An exact copy of every entry below is needed.

**Given data**:
◆ ◆ ◆ ◆ ◆

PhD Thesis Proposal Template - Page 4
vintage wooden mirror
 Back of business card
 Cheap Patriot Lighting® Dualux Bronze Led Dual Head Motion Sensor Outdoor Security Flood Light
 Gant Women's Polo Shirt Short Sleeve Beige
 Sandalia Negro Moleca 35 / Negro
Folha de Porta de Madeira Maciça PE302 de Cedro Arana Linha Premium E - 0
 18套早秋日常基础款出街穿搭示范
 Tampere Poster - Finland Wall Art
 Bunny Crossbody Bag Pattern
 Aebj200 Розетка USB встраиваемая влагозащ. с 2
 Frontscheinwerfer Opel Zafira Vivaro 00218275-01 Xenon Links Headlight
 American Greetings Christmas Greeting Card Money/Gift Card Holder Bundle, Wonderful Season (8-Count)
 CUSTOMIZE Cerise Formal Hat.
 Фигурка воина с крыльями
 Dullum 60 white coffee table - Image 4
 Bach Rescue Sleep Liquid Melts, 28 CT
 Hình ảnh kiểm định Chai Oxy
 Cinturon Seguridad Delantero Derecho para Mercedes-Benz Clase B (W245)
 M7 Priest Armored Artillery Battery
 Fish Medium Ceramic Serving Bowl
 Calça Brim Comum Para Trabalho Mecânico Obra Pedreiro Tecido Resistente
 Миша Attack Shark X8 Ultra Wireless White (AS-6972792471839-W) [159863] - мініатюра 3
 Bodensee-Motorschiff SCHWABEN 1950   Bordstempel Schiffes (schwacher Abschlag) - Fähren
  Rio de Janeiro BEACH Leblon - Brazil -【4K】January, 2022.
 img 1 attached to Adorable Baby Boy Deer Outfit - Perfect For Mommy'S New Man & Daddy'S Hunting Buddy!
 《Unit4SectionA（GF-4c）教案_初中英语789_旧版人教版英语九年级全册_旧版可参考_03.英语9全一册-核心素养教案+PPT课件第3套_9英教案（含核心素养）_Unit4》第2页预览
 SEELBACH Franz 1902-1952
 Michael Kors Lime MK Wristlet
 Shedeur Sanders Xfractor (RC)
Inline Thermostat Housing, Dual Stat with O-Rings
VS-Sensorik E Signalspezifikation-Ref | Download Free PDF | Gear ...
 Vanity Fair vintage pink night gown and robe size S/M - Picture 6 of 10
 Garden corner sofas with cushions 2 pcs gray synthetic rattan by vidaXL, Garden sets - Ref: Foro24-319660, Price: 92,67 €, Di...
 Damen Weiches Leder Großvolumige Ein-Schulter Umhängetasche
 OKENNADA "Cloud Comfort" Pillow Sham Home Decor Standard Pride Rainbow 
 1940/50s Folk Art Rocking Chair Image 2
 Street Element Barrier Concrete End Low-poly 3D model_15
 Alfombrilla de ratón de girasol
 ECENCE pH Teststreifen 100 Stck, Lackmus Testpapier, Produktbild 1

◆ ◆ ◆ ◆ ◆

**Answer for the task**:
PhD Thesis Proposal Template - Page 4
vintage wooden mirror
 Back of business card
 Cheap Patriot Lighting® Dualux Bronze Led Dual Head Motion Sensor Outdoor Security Flood Light
 Gant Women's Polo Shirt Short Sleeve Beige
 Sandalia Negro Moleca 35 / Negro
Folha de Porta de Madeira Maciça PE302 de Cedro Arana Linha Premium E - 0
 18套早秋日常基础款出街穿搭示范
 Tampere Poster - Finland Wall Art
 Bunny Crossbody Bag Pattern
 Aebj200 Розетка USB встраиваемая влагозащ. с 2
 Frontscheinwerfer Opel Zafira Vivaro 00218275-01 Xenon Links Headlight
 American Greetings Christmas Greeting Card Money/Gift Card Holder Bundle, Wonderful Season (8-Count)
 CUSTOMIZE Cerise Formal Hat.
 Фигурка воина с крыльями
 Dullum 60 white coffee table - Image 4
 Bach Rescue Sleep Liquid Melts, 28 CT
 Hình ảnh kiểm định Chai Oxy
 Cinturon Seguridad Delantero Derecho para Mercedes-Benz Clase B (W245)
 M7 Priest Armored Artillery Battery
 Fish Medium Ceramic Serving Bowl
 Calça Brim Comum Para Trabalho Mecânico Obra Pedreiro Tecido Resistente
 Миша Attack Shark X8 Ultra Wireless White (AS-6972792471839-W) [159863] - мініатюра 3
 Bodensee-Motorschiff SCHWABEN 1950   Bordstempel Schiffes (schwacher Abschlag) - Fähren
  Rio de Janeiro BEACH Leblon - Brazil -【4K】January, 2022.
 img 1 attached to Adorable Baby Boy Deer Outfit - Perfect For Mommy'S New Man & Daddy'S Hunting Buddy!
 《Unit4SectionA（GF-4c）教案_初中英语789_旧版人教版英语九年级全册_旧版可参考_03.英语9全一册-核心素养教案+PPT课件第3套_9英教案（含核心素养）_Unit4》第2页预览
 SEELBACH Franz 1902-1952
 Michael Kors Lime MK Wristlet
 Shedeur Sanders Xfractor (RC)
Inline Thermostat Housing, Dual Stat with O-Rings
VS-Sensorik E Signalspezifikation-Ref | Download Free PDF | Gear ...
 Vanity Fair vintage pink night gown and robe size S/M - Picture 6 of 10
 Garden corner sofas with cushions 2 pcs gray synthetic rattan by vidaXL, Garden sets - Ref: Foro24-319660, Price: 92,67 €, Di...
 Damen Weiches Leder Großvolumige Ein-Schulter Umhängetasche
 OKENNADA "Cloud Comfort" Pillow Sham Home Decor Standard Pride Rainbow 
 1940/50s Folk Art Rocking Chair Image 2
 Street Element Barrier Concrete End Low-poly 3D model_15
 Alfombrilla de ratón de girasol
 ECENCE pH Teststreifen 100 Stck, Lackmus Testpapier, Produktbild 1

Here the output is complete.